▶ WHAT YOU WILL DO: Which lines below contain "with"? Pull them out.

▶ SOURCE DATA:
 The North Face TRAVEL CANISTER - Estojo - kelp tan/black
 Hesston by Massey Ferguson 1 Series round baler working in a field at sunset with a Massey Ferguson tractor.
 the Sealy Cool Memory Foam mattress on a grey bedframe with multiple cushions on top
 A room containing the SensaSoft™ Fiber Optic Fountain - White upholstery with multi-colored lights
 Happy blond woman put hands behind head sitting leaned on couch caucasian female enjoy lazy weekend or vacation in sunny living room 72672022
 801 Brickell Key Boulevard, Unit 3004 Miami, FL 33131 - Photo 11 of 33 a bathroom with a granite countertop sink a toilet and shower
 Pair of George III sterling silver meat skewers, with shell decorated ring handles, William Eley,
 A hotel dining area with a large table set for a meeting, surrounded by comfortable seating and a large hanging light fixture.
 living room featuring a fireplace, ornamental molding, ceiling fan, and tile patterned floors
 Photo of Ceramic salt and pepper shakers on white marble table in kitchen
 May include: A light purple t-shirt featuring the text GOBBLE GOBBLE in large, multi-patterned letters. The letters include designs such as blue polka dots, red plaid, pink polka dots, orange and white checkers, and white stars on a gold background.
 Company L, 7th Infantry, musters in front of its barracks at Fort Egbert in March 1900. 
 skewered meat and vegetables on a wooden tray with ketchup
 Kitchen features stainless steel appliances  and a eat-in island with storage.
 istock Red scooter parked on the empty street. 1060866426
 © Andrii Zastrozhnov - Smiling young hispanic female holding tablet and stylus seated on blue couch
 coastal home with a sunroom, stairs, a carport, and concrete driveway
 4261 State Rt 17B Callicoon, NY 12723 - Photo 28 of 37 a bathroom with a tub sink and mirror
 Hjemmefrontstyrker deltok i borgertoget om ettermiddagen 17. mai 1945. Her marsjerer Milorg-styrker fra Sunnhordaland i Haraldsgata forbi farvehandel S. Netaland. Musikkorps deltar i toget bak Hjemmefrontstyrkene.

▶ COMPLETED TASK:
 Hesston by Massey Ferguson 1 Series round baler working in a field at sunset with a Massey Ferguson tractor.
 the Sealy Cool Memory Foam mattress on a grey bedframe with multiple cushions on top
 A room containing the SensaSoft™ Fiber Optic Fountain - White upholstery with multi-colored lights
 801 Brickell Key Boulevard, Unit 3004 Miami, FL 33131 - Photo 11 of 33 a bathroom with a granite countertop sink a toilet and shower
 Pair of George III sterling silver meat skewers, with shell decorated ring handles, William Eley,
 A hotel dining area with a large table set for a meeting, surrounded by comfortable seating and a large hanging light fixture.
 skewered meat and vegetables on a wooden tray with ketchup
 Kitchen features stainless steel appliances  and a eat-in island with storage.
 coastal home with a sunroom, stairs, a carport, and concrete driveway
 4261 State Rt 17B Callicoon, NY 12723 - Photo 28 of 37 a bathroom with a tub sink and mirror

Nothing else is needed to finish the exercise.